In case you’ve missed it, the International Weightlifting Federation (IWF) has been going through an extensive process to update their anti-doping and clean sport regulations. Earlier this year in June, the International Olympic Committee (IOC) announced that they’d be decreasing the quota of weightlifting athletes for the 2020 Tokyo Olympics.
This news from June was later revealed to be a warning sign when IOC president Thomas Bach commented futher. He went on to state, “All must remain compliant with the Olympic charter and the world anti-doping code. We have sent a strong signal to weightlifting by reducing the quota for athlete for Tokyo 2020.”
[Check out some of the new rules that have been suggested for the sport of weightlifting the Sport Programme Commission.]
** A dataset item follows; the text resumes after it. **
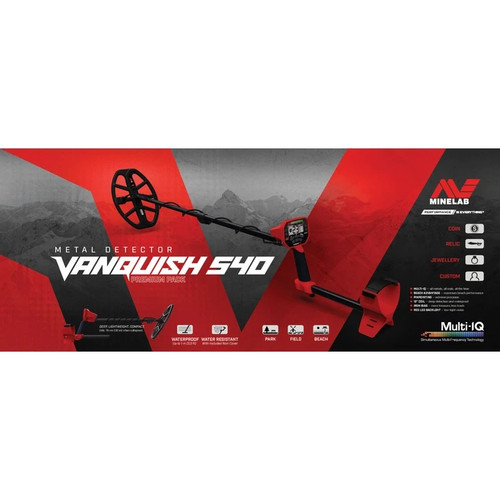 Minelab vanquish 540 metal - minelab,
Since then, the IWF has been working with a Clean Sport and Sports Programme Commission and independent advisers to update their anti-doping efforts and policies, along with creating new rules for the sport of weightlifting. On November 25th, after meeting in Anaheim ahead of the 2017 Weightlifting World Championships, the IWF’s Executive Board unanimously approved the recommendations provided by the Clean Sports Commission. Below, we’ve highlighted some of the main impacts from the IWF’s recent press release.
- Contracting with the Canadian Centre for Ethics in Sport and collaborating with the International Association of National Anti-Doping Organizations and WADA to develop increased and more effective no notice out-of-competition testing in high risk countries.
- Implementation of new rules in the IWF Anti-Doping Policy which send a clear deterrent message to IWF member federations that if they do not fulfill their anti-doping responsibilities to ensure that their athletes are clean, then they will lose their right to participate in international competition for a period up to four years.
- A requirement for athletes in in the IWF Registered Testing Pool and other national team athletes to provide IWF with an updated list of their coaches and other athlete support personnel.
- Enhanced anti-doping education devised in collaboration with WADA and International Association of National Anti-Doping Organizations.
These changes will form the foundation of what the IWF Executive Board plans to present to the IOC at their next meeting in December. In addition, the Clean Sport Commission will be continuing to work with the IWF for the next four years to ensure their changes stick and are beneficial for the sport.
The IWF’s president Tamas Ajan said, “Today marks the start of a new chapter for international weightlifting. We accept that in the past the incidence of doping in weightlifting has been too high and we had already moved aggressively to combat this. But with the excellent recommendations that we have approved today, we have a clear strategic plan for how to address this incidence and ensure that we move forward towards a cleaner future.”